働きすぎの女性は糖尿病リスクが高い?
6月29日、参院本会議で「働き方改革関連法案(正式名称「働き方改革を推進するための関係法律の整備に関する法律案」)」が、自民、公明、維新の会の賛成多数で可決、成立した。
既報の通り、この法律の柱となるのは以下の3点である。
●第1の柱:働き方改革の総合的かつ継続的な推進(雇用対策法改正)
●第2の柱:長時間労働の是正と多様で柔軟な働き方の実現等(労働基準法等改正)
●第3の柱:雇用形態にかかわらない公正な待遇の確保
野党が主に反対したののは、このうちの「第2の柱」。ここに含まれる「高度プロフェッショナル制度」が、過労死や過労自殺を助長すると批判。過労死遺族からも「働き方関連法案を『過労死促進法』と言われても仕方ない内容で残念だ。

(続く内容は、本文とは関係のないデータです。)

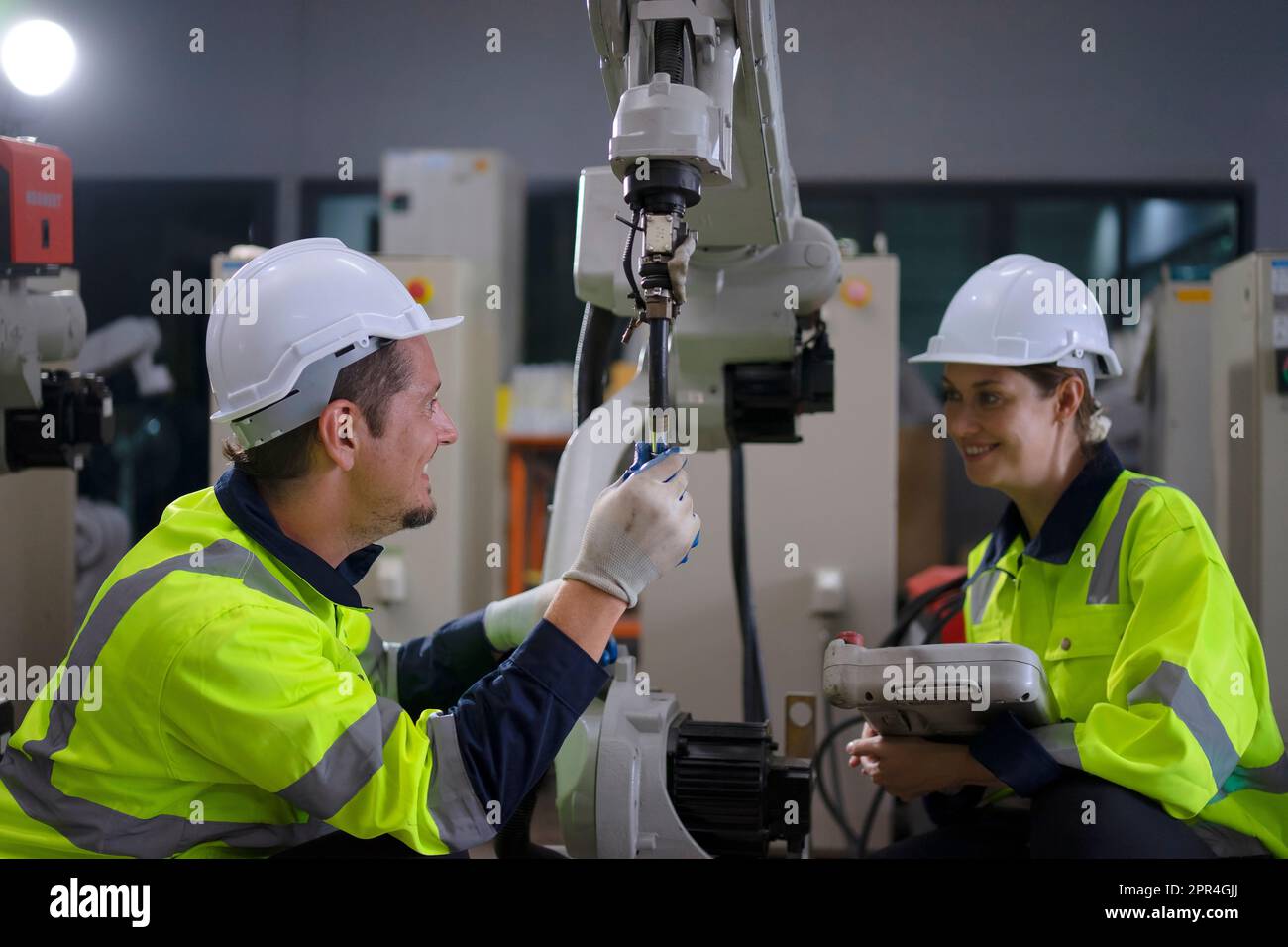 Engineer work at robotic arm factory. Technology and engineering concept. Stock Photo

政府はどちらの方を向いているのか」と非難が続出していた(東京新聞:18年4月7日朝刊)。
実際、この法律によって、本当に「長時間労働」が是正されるのか? はたまた「過労死促進法」となってしまうのか……。
ちなみに、共同通信社が今年2月下旬から3月下旬にかけて112社を対象に実施したアンケートによると、高度プロフェッショナル制度に賛成する企業は28%で、裁量労働制の対象拡大も支持が35%にとどまった。
そして、いずれについても、約6〜7割の企業が「どちらとも言えない」と賛否を保留している。
仕事に加え家事・育児で女性は2型糖尿病に?
改めて指摘するまでもなく、長時間の残業などの過重労働は、さまざまな健康リスクを高めることが知られている。
今回ご紹介する『BMJ Open Diabetes Research and Care』(7月2日オンライン版)に掲載された研究では、「労働時間が週45時間以上の女性は、週35~40時間の女性に比べて2型糖尿病の発症リスクが上昇する可能性」が示された。
しかし男性では、こうした関連は見られなかったという。この結果について研究者らは、「女性は男性よりも家事や育児など家庭の仕事に費やす時間が長くなりがちなことが影響した可能性」を指摘している。
2型糖尿病の患者数は、世界的に増加傾向が続いており、2030年までに4億3900万人に達するものと推計されている。糖尿病は心臓病や脳卒中などの重大なリスク因子であり、その原因として主に肥満や運動不足、遺伝要因などが挙げられている。